Papa was always busy in the kitchen with his trademark cook’s apron on. But he would always stop what he was doing and remind me to look for the treasure. After a couple of years, I realized that Papa always hid it in the same place – under the center cushion of the sofa. I caught on but still tried to pretend to look for it in different places first. This makes all of us laugh. We never did find out if he realized he did that…was it his own quirky brand of humor or just a 10 year coincidence? We will never know but it’s a fun memory. Eventually, like Aunt Dee, I also enjoyed getting to read the Four Questions as the youngest of the tribe.
Losing Papa and Gaga has taught me the importance of family and I love my Aunt Dee for bringing us all together.
Gertz Girlz Final Dish:
In the end, we have to agree with Tevye ….”Traditions, Traditions. Without our traditions our lives would be as shaky as, as….as a fiddler on the roof!”

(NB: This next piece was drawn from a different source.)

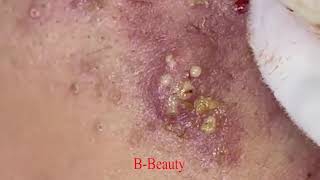 Pimple Removal and Acnes Treatment  BBeauty 07 [upl. by Ayaros]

3 thoughts on “A Bittersweet Passover”
So very touching. I enjoyed 7 beautiful Seder dinners with my ex-husband’s family. I still miss my extended Weinstein and Isenberg ex-families. Reading this brought back so many memories of a happy and a simpler time in my life. I miss the food and family time Passover brought. What a beautiful write up. Brought tears to my eyes and also warmed my heart. Truly bittersweet. Thank you for sharing!
LikeLiked by 1 person
Thank you for sharing your memories! We appreciate your comments!
LikeLiked by 1 person
So true! Nothing brings back memories of family the way food does!. Thanks so much for your warm response!